Dataset records
· · · · ·
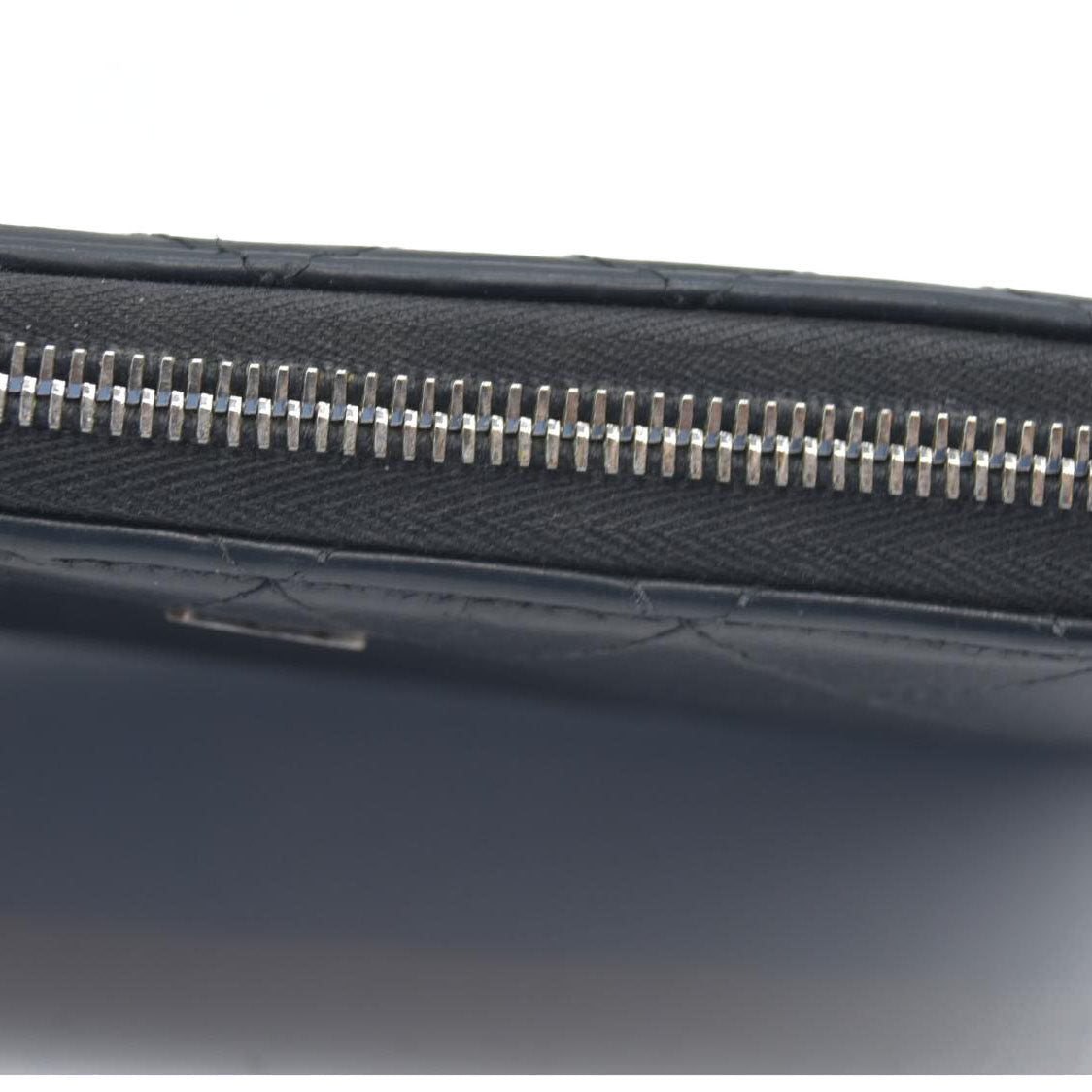 $1200 Chanel 2011 Caviar Leather Zip Around Long Wallet
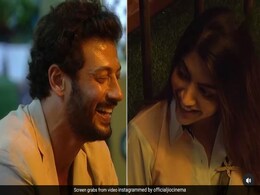 आकांक्षा पुरी के साथ शादी का प्लान बनाते दिखे जद हदीद, लोग बोले - मीका का क्या? आकांक्षा पुरी के साथ शादी का प्लान बनाते दिखे जद हदीद, लोग बोले - मीका का क्या?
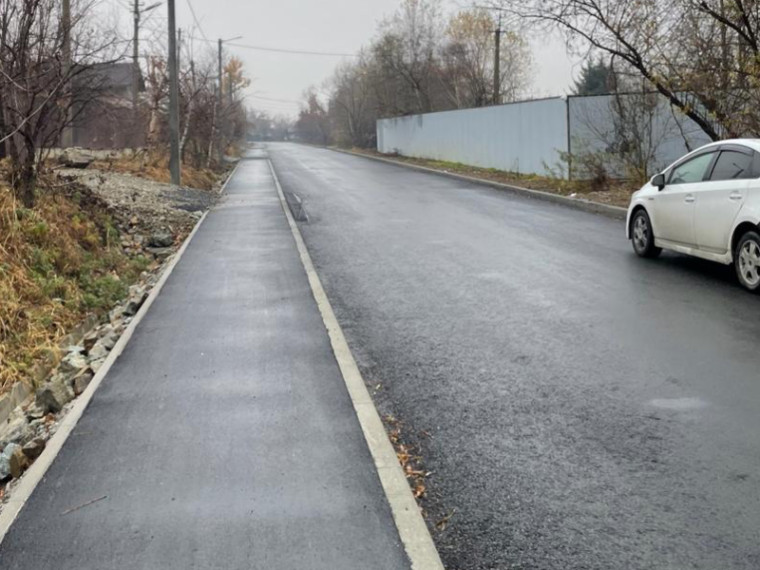 В Артеме обновляются дороги, тротуары и внутриквартальные проезды. В Артеме обновляются дороги, тротуары и внутриквартальные проезды.
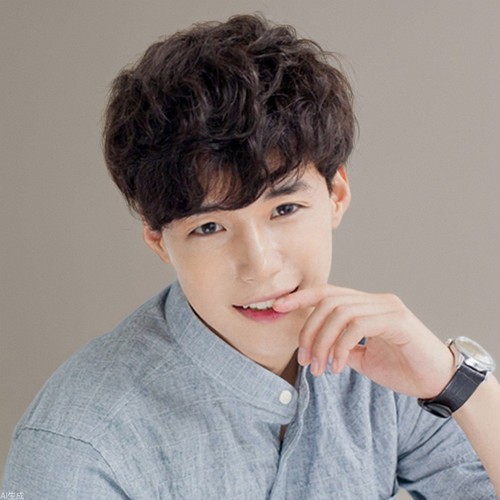 Stylish short hair with bangs for handsome men in Europe, America, and Korea, hairpiece and headcover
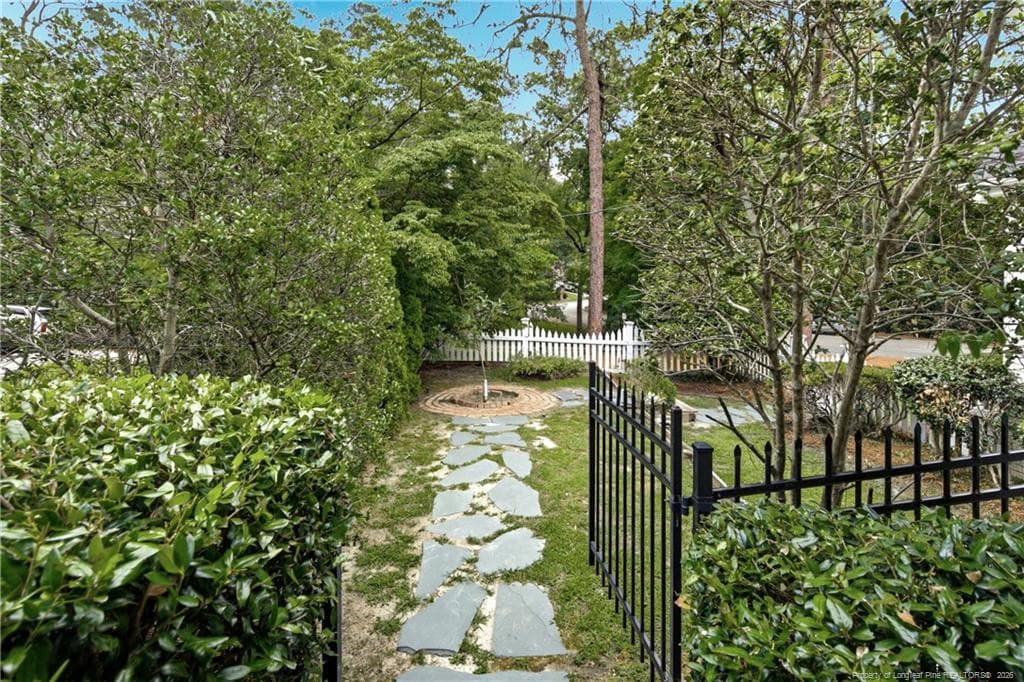 Photo 47 - 326 W Park Drive, Fayetteville, NC 28305, Fayetteville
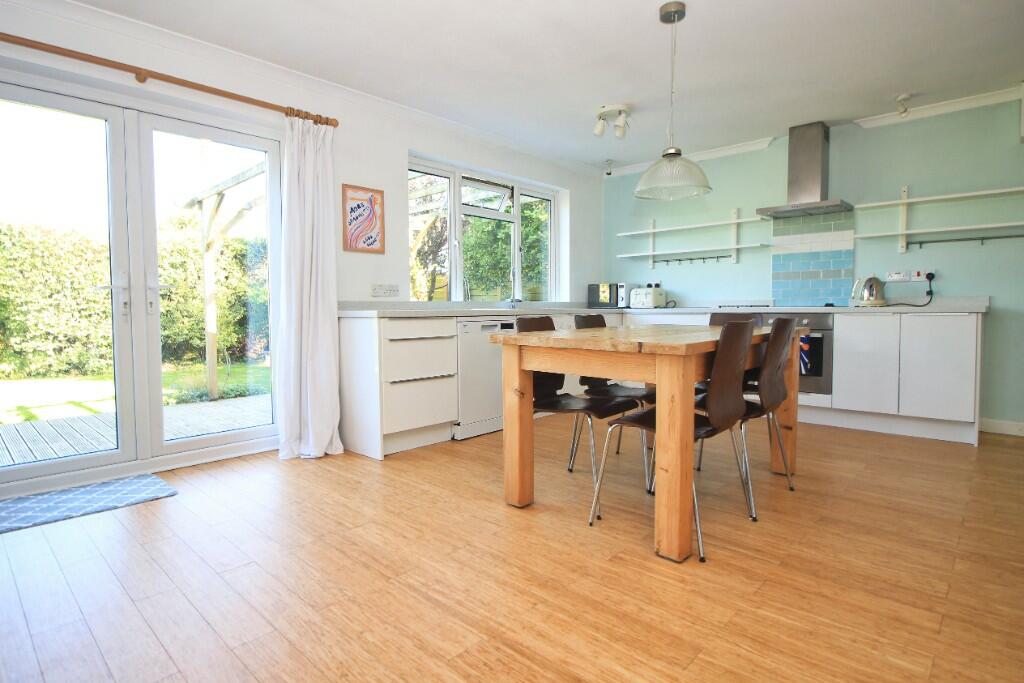 Dining Room &amp; Kitche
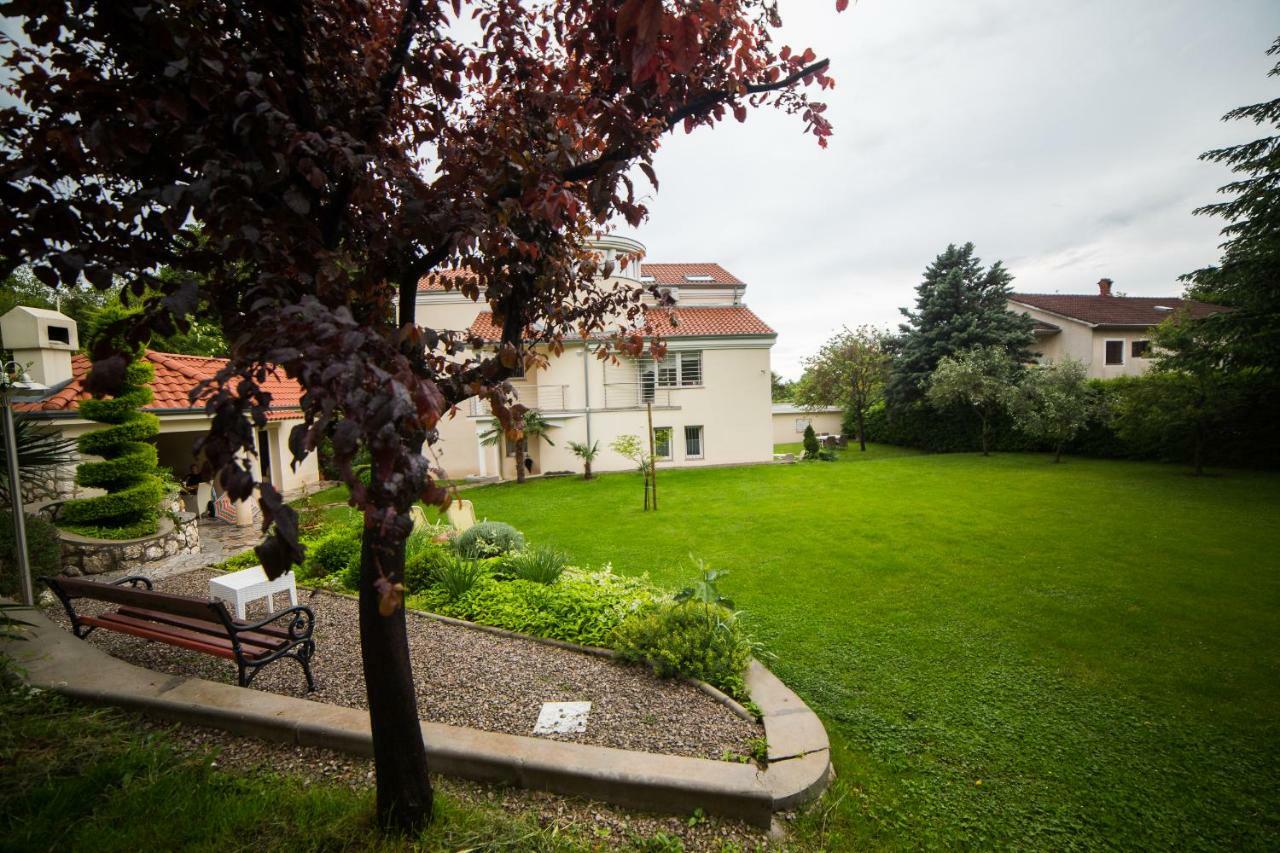 Apartments Villa Majda Матульи Экстерьер фото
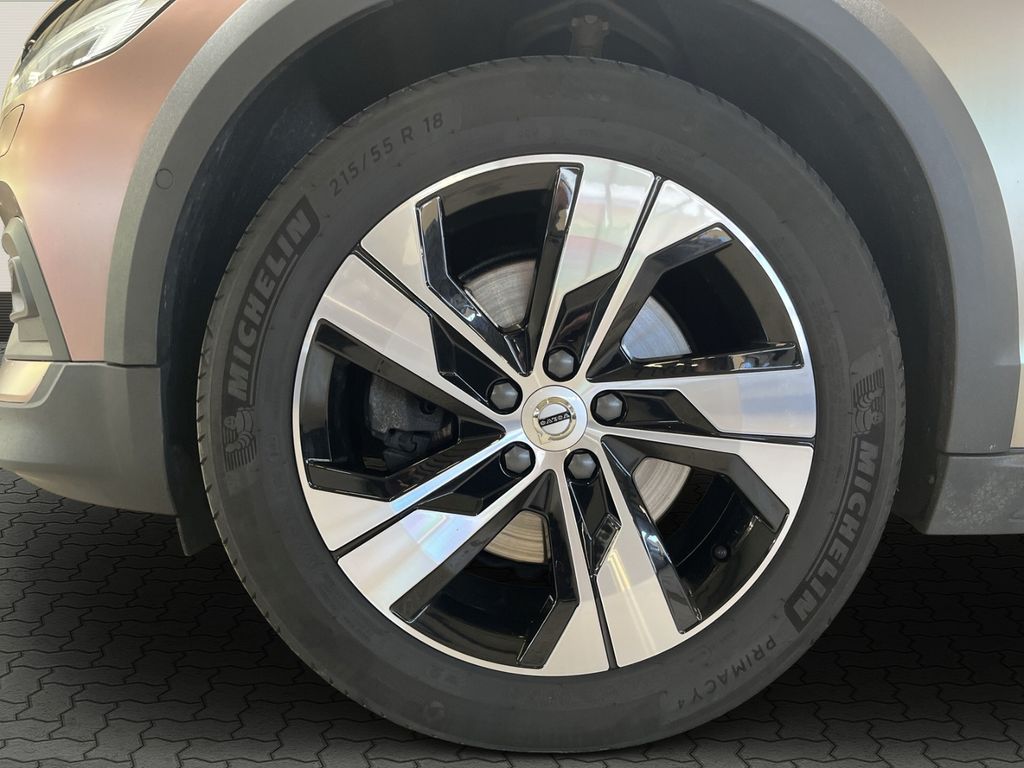 Volvo V60 Cross Country 2023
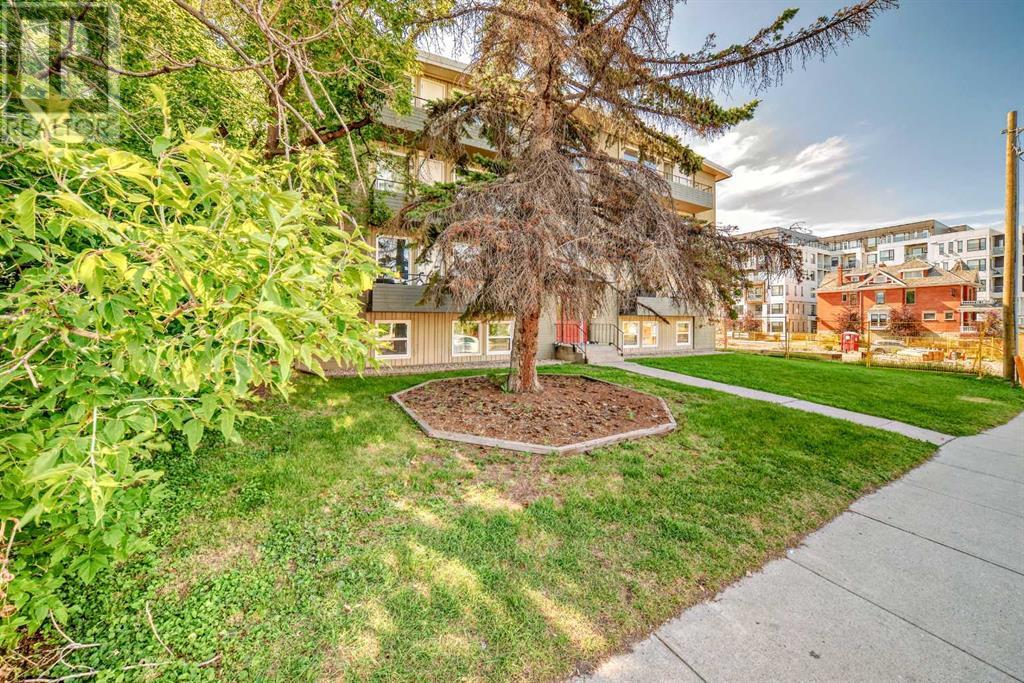 Single Family House for Sale in    Street SW Bankview Calgary 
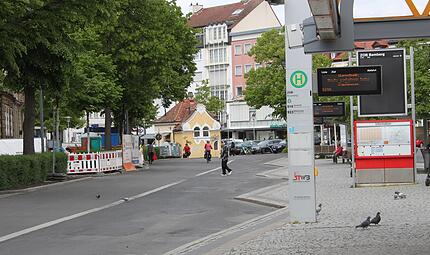 Der Busstreik am Freitag: Keine Busse oder Fahrgäste, sondern nur ein paar Tauben am ZOB in Bamberg. Der Busstreik am Freitag: Keine Busse oder Fahrgäste, sondern nur ein paar Tauben am ZOB in Bamberg.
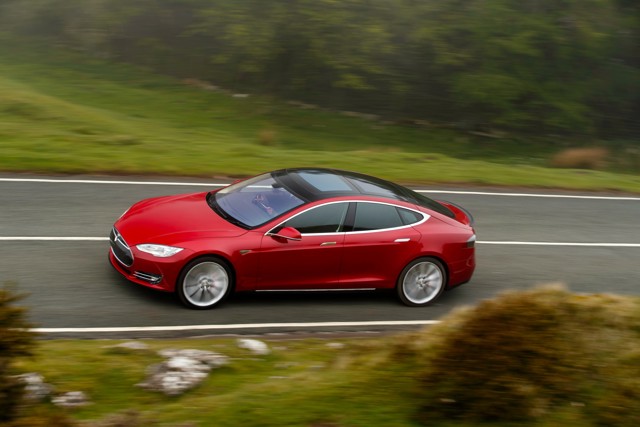 Tesla Model S photo 56
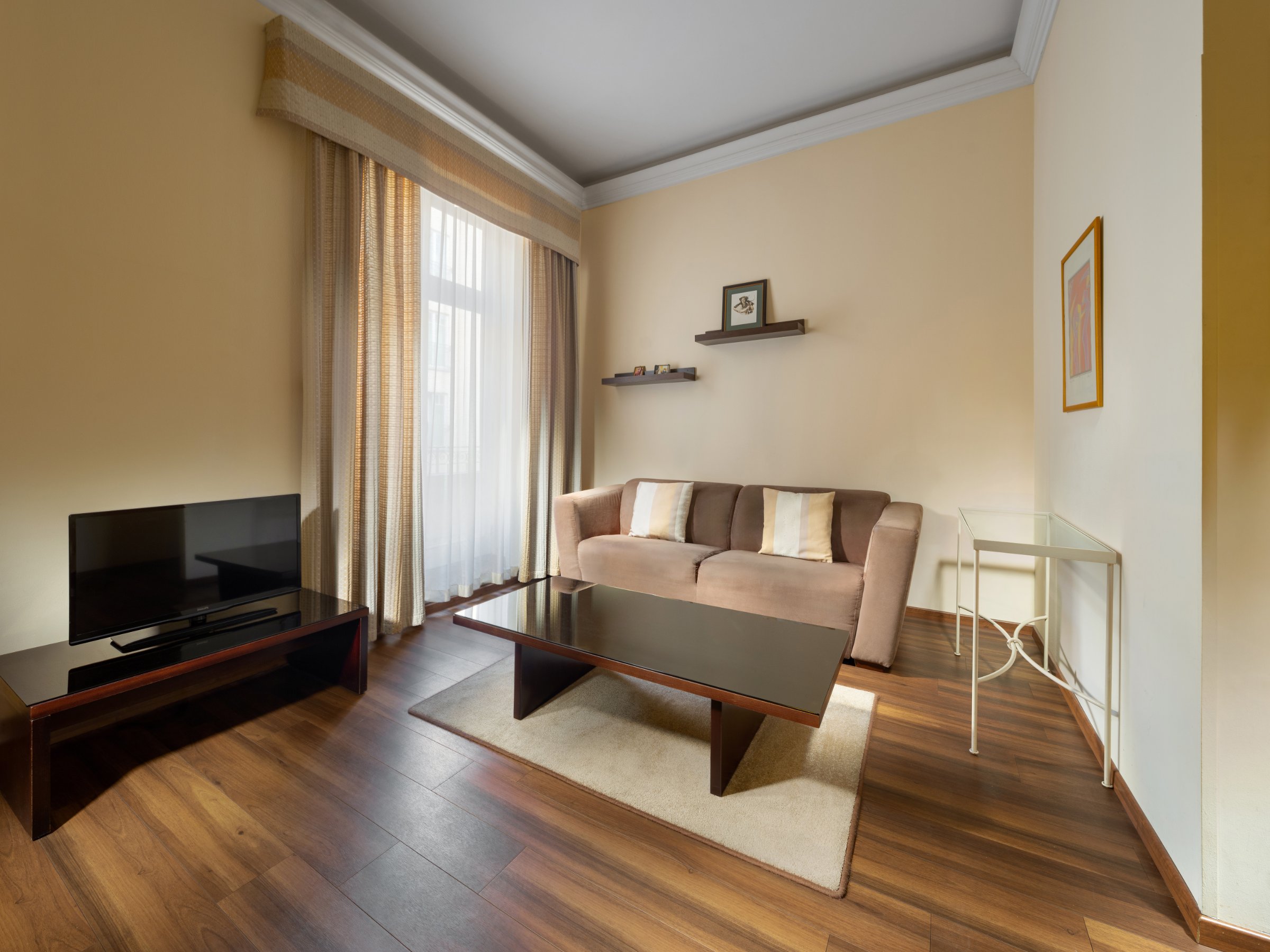 Mamaison Residence Izabella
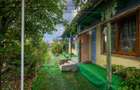 Casă interbelică + 3.060 mp intravilan, Trifești, 7,9 km de Roman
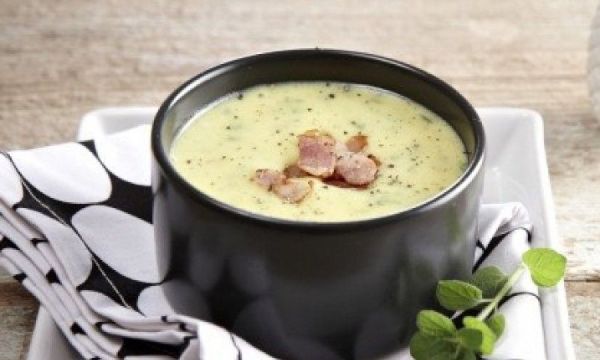 Συνταγή για πατατόσουπα με κρόκο Κοζάνης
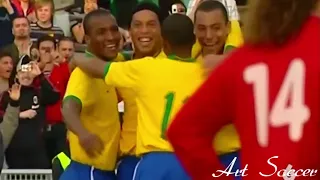 Bu Video, Ronaldinho'nun 1 MİLYAR DOLAR Değerinde OLDUĞUNU Gösteriyor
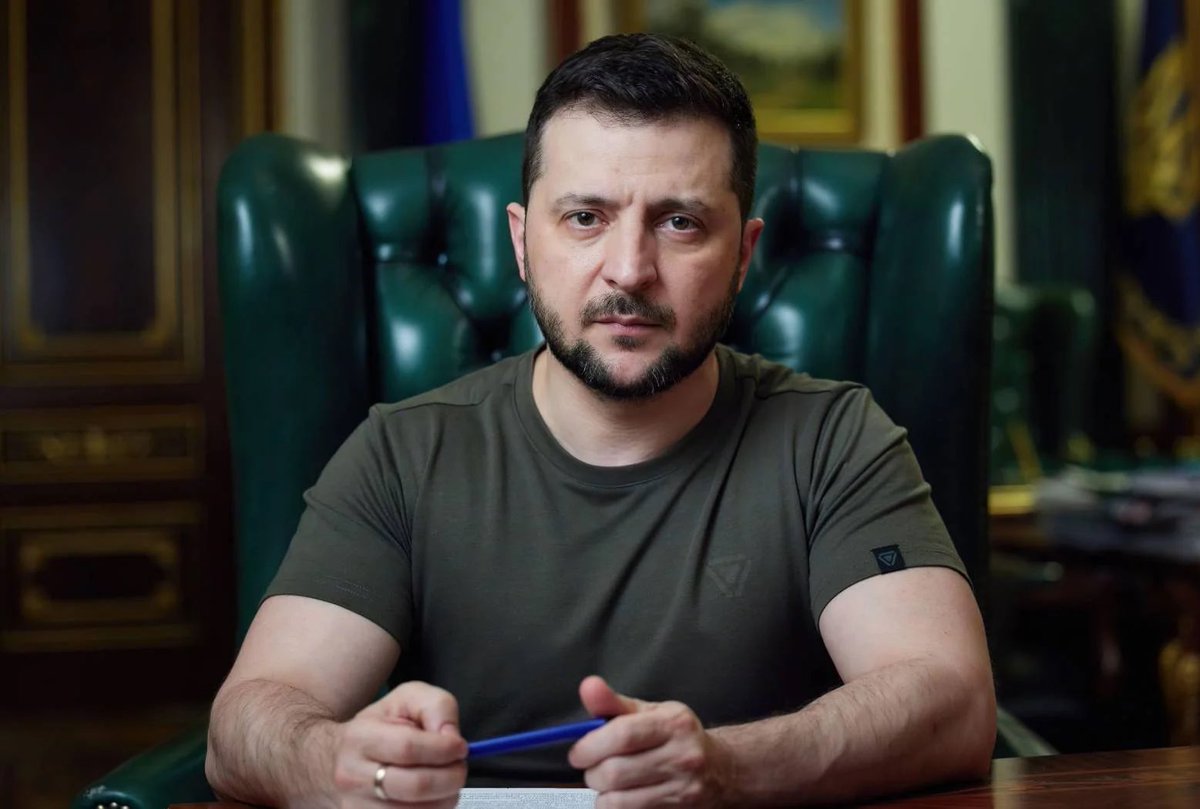 Anna (@annademilanese) on Twitter photo .<a href="/ZelenskyyUa/">Volodymyr Zelenskyy / Володимир Зеленський</a>
„Die Ukrainer werden ihr Land nicht dem Besatzer schenken“
Selenskyj hat den größten Respekt für seine Haltung verdient. .<a href="/ZelenskyyUa/">Volodymyr Zelenskyy / Володимир Зеленський</a>
„Die Ukrainer werden ihr Land nicht dem Besatzer schenken“
Selenskyj hat den größten Respekt für seine Haltung verdient.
· · · · ·
Directions
Images are to be left out when the records above are written out again exactly.

Task output
 $1200 Chanel 2011 Caviar Leather Zip Around Long Wallet
 आकांक्षा पुरी के साथ शादी का प्लान बनाते दिखे जद हदीद, लोग बोले - मीका का क्या? आकांक्षा पुरी के साथ शादी का प्लान बनाते दिखे जद हदीद, लोग बोले - मीका का क्या?
 В Артеме обновляются дороги, тротуары и внутриквартальные проезды. В Артеме обновляются дороги, тротуары и внутриквартальные проезды.
 Stylish short hair with bangs for handsome men in Europe, America, and Korea, hairpiece and headcover
 Photo 47 - 326 W Park Drive, Fayetteville, NC 28305, Fayetteville
 Dining Room &amp; Kitche
 Apartments Villa Majda Матульи Экстерьер фото
 Volvo V60 Cross Country 2023
 Single Family House for Sale in    Street SW Bankview Calgary 
 Der Busstreik am Freitag: Keine Busse oder Fahrgäste, sondern nur ein paar Tauben am ZOB in Bamberg. Der Busstreik am Freitag: Keine Busse oder Fahrgäste, sondern nur ein paar Tauben am ZOB in Bamberg.
 Tesla Model S photo 56
 Mamaison Residence Izabella
 Casă interbelică + 3.060 mp intravilan, Trifești, 7,9 km de Roman
 Συνταγή για πατατόσουπα με κρόκο Κοζάνης
 Bu Video, Ronaldinho'nun 1 MİLYAR DOLAR Değerinde OLDUĞUNU Gösteriyor
 Anna (@annademilanese) on Twitter photo .<a href="/ZelenskyyUa/">Volodymyr Zelenskyy / Володимир Зеленський</a>
„Die Ukrainer werden ihr Land nicht dem Besatzer schenken“
Selenskyj hat den größten Respekt für seine Haltung verdient. .<a href="/ZelenskyyUa/">Volodymyr Zelenskyy / Володимир Зеленський</a>
„Die Ukrainer werden ihr Land nicht dem Besatzer schenken“
Selenskyj hat den größten Respekt für seine Haltung verdient.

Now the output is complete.